Collected data
▼
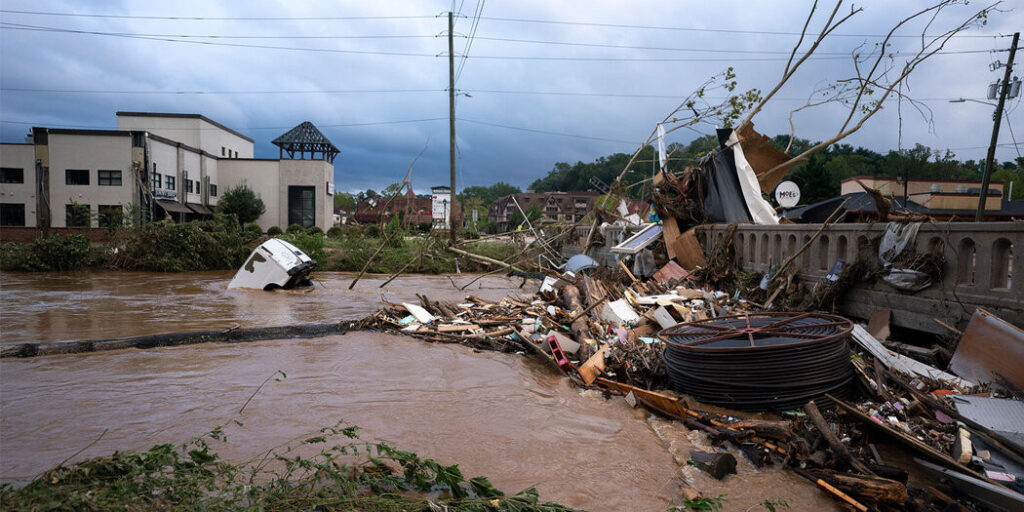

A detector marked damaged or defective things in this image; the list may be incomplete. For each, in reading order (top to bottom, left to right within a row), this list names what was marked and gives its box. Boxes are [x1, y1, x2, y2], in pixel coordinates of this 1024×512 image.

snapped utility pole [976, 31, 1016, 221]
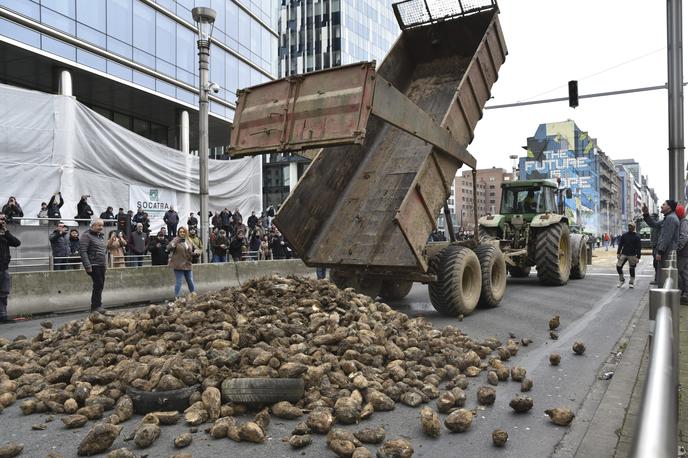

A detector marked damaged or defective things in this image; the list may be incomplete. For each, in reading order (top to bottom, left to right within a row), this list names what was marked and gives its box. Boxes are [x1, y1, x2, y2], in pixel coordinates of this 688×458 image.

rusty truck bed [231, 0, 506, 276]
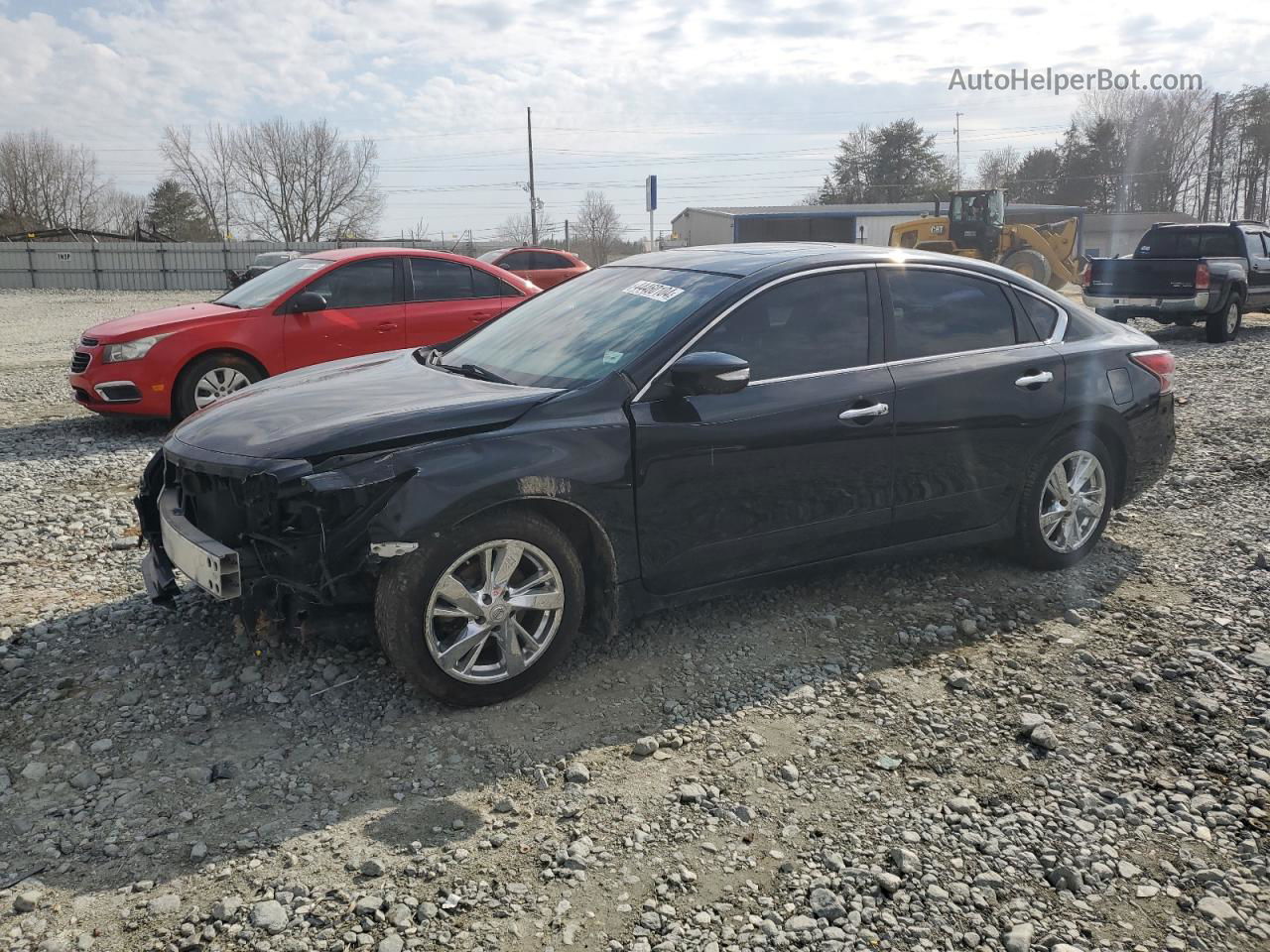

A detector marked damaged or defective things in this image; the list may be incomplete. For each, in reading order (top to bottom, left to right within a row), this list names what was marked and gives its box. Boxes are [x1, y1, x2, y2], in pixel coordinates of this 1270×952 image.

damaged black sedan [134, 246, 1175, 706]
▲
**About this task:** Restate word for word the lines that begin at the one containing "this 688×458 image." and end with the final line of the records. Pictures stay out.

**Result below:**
A detector marked damaged or defective things in this image; the list may be incomplete. For each, in reading order (top to bottom, left to right within a row), this list names what was marked and gives its box. Boxes are [x1, y1, x2, y2], in pixel coordinates of this 688×458 image.

rusty truck bed [231, 0, 506, 276]

A detector marked damaged or defective things in this image; the list may be incomplete. For each, in reading order (top to bottom, left to right within a row), this list names what was marked and gives its box. Boxes are [x1, y1, x2, y2], in pixel coordinates of this 1270×952 image.

damaged black sedan [134, 246, 1175, 706]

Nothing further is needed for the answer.